As adults, whether we realize it or not, our lives are governed by the agreements we make– and while not all of them are necessarily legally binding, that doesn’t make them any less important.  Unfortunately, some people have a tendency to over-extend themselves; very few I believe are outright trying to be deceitful.  I think what happens, especially with people-pleasers is that they want so much to make their loved ones happy that they just make promises that later on they come to realize they just cannot keep.

In the legal world, if you don’t pay per your contracts, the remedy is pretty simple: we seize your assets.  So for example the mortgage company will take your house, the car company will repose the car, credit card companies close your account and go after your bank accounts, etc.  And if you don’t pay your child support, Child Support Enforcement has the ability to garnish wages, intercept tax refunds, and revoke your driving privileges, among other things.  As you can see, we don’t kid around when it comes to fulfilling legal obligations.  But what about breaches that happen outside the courtroom?
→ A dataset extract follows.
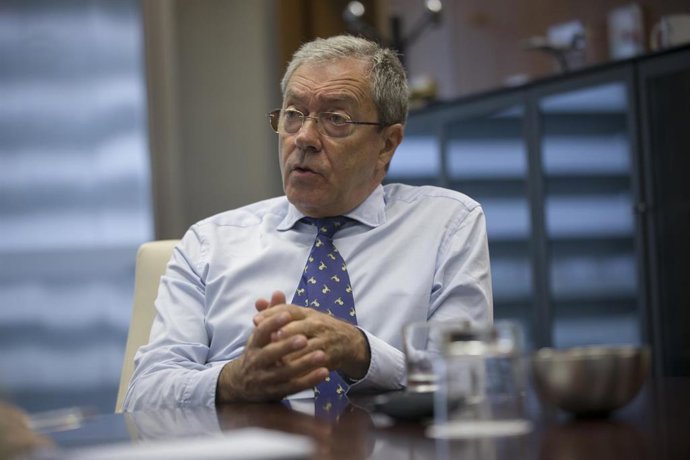 Entrevista de Europa Press Andalucía al Consejero de Economía, Conocimiento, Empresas y Universidad de la Junta de Andalucía, Rogelio Velasco. En Sevilla, a 21 de diciembre de 2019.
More and more I find that people seem to have lost the concept of a social contract- the one we make with each other as part of a society.  Despite what some may think, our community is not here to serve us, but rather I believe we are here together to share our gifts and help each other.  And if you share this view, then our personal commitments are just as important (if not more so) as the legal contracts we sign.  Perhaps with this in mind going forward we can all be more mindful before making promises to those we love.

It is inevitable that we will find ourselves at times with conflicting obligations.  For example, we all have a commitment to work and to be with our family.  Precisely because these two interests often compete with each other, work/life balance is such a big issue.  We also have a lot of blended family situations these days, and that means many of us have pre-existing obligations to children from prior relationships, and these have to be balanced with our new family commitments.  The key is to know your own limits and not over-extend yourself.

Now, with our significant others it is important to recognize that we have made a commitment to love that person, be supportive and loyal.  We are agreeing to help meet each other’s needs and work together as a team.  To make sure you stay on track, you need to connect on a regular basis.  Here are some questions to clue you in that you are on the right path:

When you wake up in the morning and again in the evening, do you touch base with each other?
Do you greet each other with a kind smile, warm hug, or loving kiss?
Do you share stories that help you understand what’s going on in each person’s life?
Are you satisfied with your level of connection/intimacy?
Do you have fun together/do sweet things for each other?
Do you feel each person is making an effort in the relationship to keep things alive?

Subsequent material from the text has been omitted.